He contends that the cycle of the weak US dollar, rising gold, rising bonds, and high inflation in emerging markets came to a close last year (circa September) and that we are now facing an era of high volatility, tame inflation in emerging markets, a relatively strong US dollar, and a reversal in the price strength in precious metals. He expects gains to come from technology stocks, and service companies while emerging markets are seen as slowing in growth. Yes, that’s one analyst’s opinion, but it has room for incorporation among the many others we come across on a daily basis.
Even the most vocal advocates of one formerly successful (or expected to be successful) position do shift their stance when market realities (or disgruntled clients) face them. We noted yesterday the about-face at PIMCO in the wake of more than $5 billion in redemptions. The mantra that Bill Gross had adopted and broadcast circa one year ago has now been altered. Mr. Gross no longer espouses the “new normal” platform and is, instead, advising clients to hedge with…US Treasuries, munis, and senior bank debt.

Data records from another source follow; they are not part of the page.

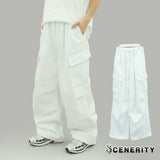 Kota Cargo Wide Pants (White)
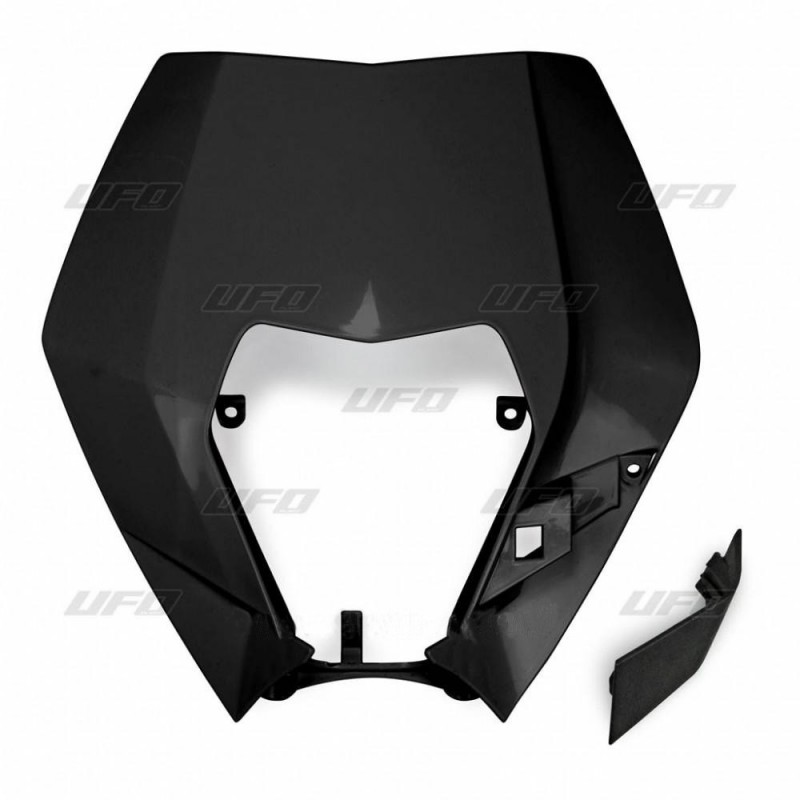 Ufo Osłona Lampy Przód Ktm Exc/Excf 09-13 Kolor Czarny (Wzór Oem)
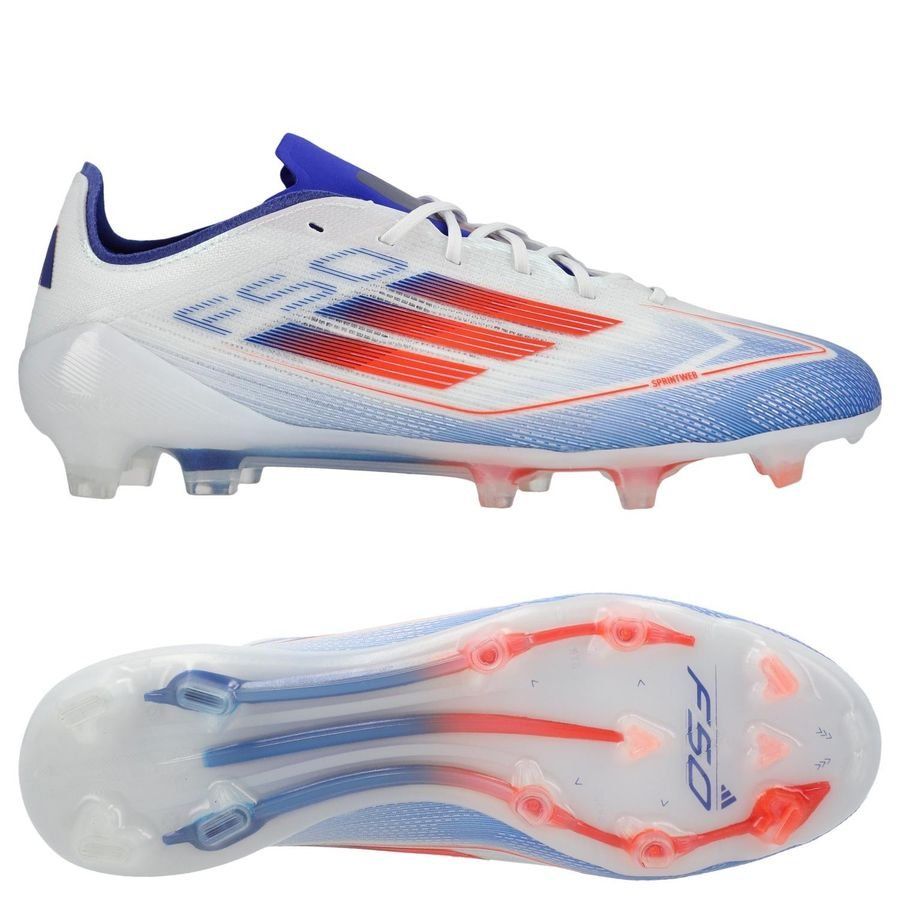 adidas F50 Elite FG Advancement - Blanc/Rouge/Bleu
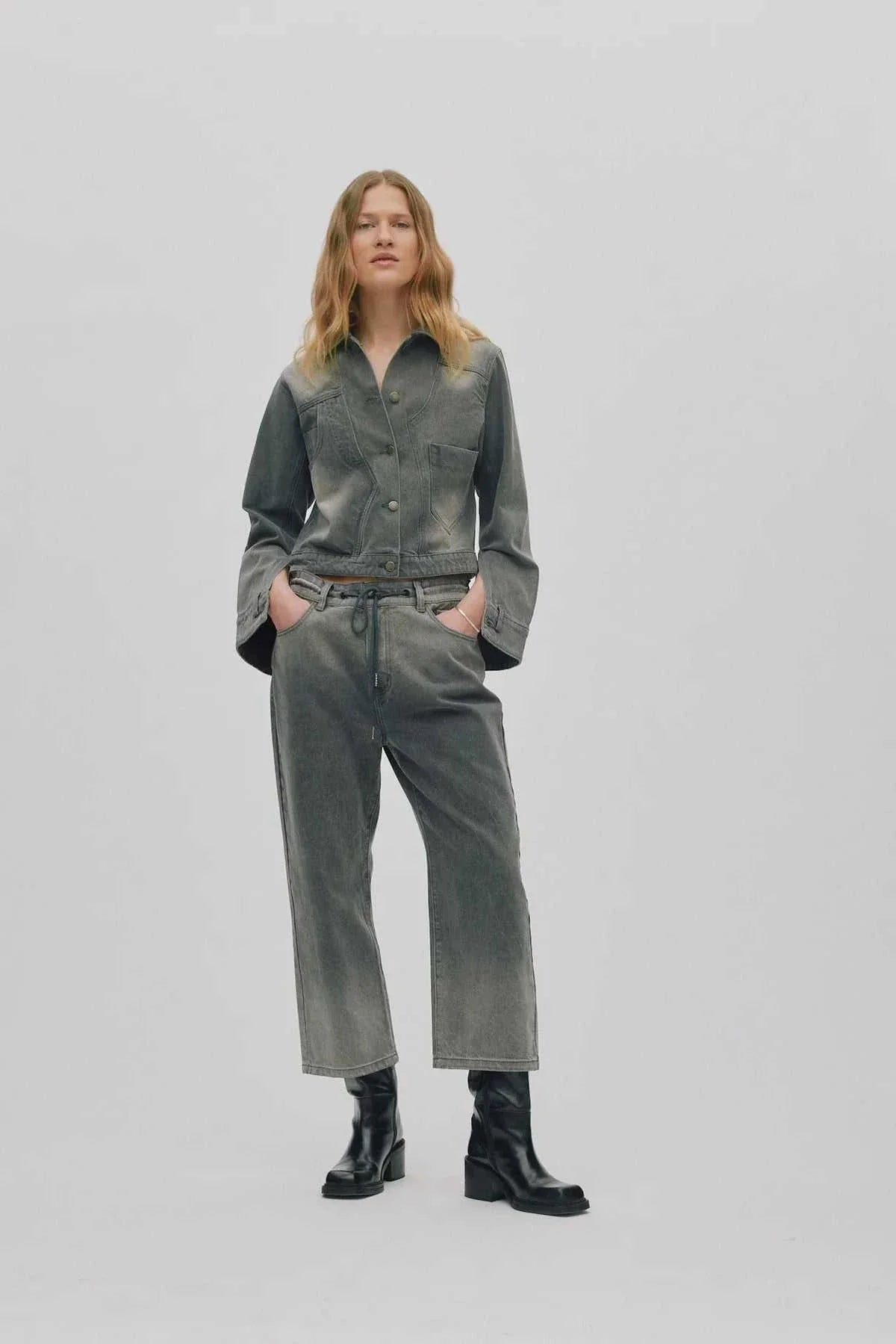 Rabens Saloner Janny Jacket Washed Grey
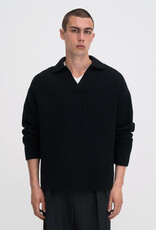 Filippa K Chunky Ribbed Wool Polo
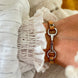 Equestrian Jewelry armband Lilo: bandje in suède-look met een bit in goud of zilver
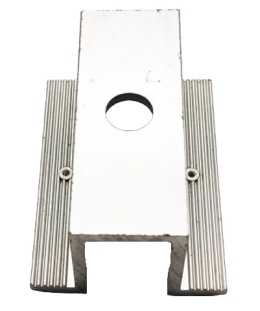 Middle Clamp L:50mm with Grounding Pins silver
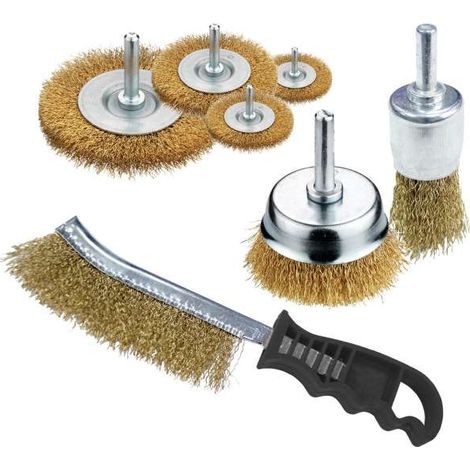 SET 6 SPAZZOLE / MOLE PER TRAPANO CON SPAZZOLA MAN (1/3)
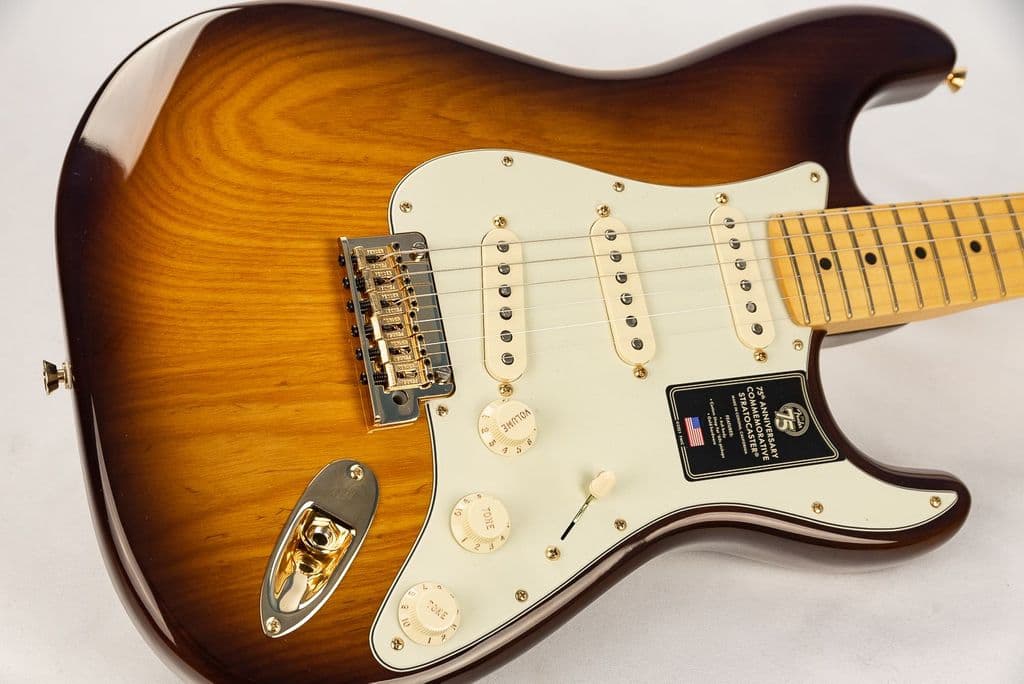 75th Anniversary Stratocaster Body front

“The recommendations mark a departure from Gross’s call last year, when he advised buying higher-yielding emerging market debt as part of the “new normal” and cautioned investors to stay away from the U.S., noting that growth would be higher in developing economies, while excessive borrowing here, the U.K. and Japan would lead to inflation. To that end, Gross eliminated his holdings of Treasuries in February and had a net bet against the securities in the $244 billion Total Return Fund, missing the biggest rally in Treasuries since 2008. Gross issued a “Mea Culpa” to investors in October and boosted the debt to 23 percent of the portfolio by the end of November.”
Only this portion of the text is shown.